→ Given entries

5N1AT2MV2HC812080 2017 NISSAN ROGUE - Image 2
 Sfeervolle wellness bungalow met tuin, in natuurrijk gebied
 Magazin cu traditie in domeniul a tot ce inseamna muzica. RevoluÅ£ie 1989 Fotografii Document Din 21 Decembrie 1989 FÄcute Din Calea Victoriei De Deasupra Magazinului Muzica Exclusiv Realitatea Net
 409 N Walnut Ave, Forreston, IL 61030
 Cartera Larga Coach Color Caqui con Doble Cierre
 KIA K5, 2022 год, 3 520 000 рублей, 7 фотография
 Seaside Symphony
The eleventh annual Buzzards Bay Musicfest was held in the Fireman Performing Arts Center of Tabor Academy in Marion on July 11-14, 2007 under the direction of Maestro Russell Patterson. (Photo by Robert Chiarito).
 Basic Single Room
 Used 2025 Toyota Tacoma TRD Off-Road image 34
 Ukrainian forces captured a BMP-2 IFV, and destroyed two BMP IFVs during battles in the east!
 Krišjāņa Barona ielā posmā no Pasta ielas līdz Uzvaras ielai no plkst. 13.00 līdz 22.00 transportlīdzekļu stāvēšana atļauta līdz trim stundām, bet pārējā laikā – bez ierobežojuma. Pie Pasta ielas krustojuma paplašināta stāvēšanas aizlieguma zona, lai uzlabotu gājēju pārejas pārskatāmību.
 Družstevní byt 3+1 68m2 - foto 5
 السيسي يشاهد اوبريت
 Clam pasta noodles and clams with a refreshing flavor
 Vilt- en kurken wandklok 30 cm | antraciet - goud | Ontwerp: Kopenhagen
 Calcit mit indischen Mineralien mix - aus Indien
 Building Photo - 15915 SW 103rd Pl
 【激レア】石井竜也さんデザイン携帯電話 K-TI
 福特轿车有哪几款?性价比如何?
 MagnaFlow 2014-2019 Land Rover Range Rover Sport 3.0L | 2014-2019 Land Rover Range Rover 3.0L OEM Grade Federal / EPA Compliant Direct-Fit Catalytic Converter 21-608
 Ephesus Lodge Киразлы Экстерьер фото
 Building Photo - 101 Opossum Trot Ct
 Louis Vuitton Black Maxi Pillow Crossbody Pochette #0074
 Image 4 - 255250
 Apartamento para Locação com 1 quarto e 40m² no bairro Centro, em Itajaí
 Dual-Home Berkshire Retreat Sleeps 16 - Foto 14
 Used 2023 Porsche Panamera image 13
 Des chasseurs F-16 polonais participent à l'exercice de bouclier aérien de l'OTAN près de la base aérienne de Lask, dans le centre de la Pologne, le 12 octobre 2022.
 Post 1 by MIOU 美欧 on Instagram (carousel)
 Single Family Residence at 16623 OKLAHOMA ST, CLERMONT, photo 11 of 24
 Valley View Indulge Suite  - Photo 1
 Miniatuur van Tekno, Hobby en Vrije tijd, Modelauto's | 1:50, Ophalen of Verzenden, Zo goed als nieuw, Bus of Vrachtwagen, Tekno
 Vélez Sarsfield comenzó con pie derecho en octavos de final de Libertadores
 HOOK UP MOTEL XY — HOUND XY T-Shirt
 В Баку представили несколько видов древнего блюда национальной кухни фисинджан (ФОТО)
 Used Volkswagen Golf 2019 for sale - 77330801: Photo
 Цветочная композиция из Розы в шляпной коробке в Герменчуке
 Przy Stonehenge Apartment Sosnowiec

→ Assignment
Calculate the number of lines above that include the word "Building", giving that number by itself.

→ Exercise result
2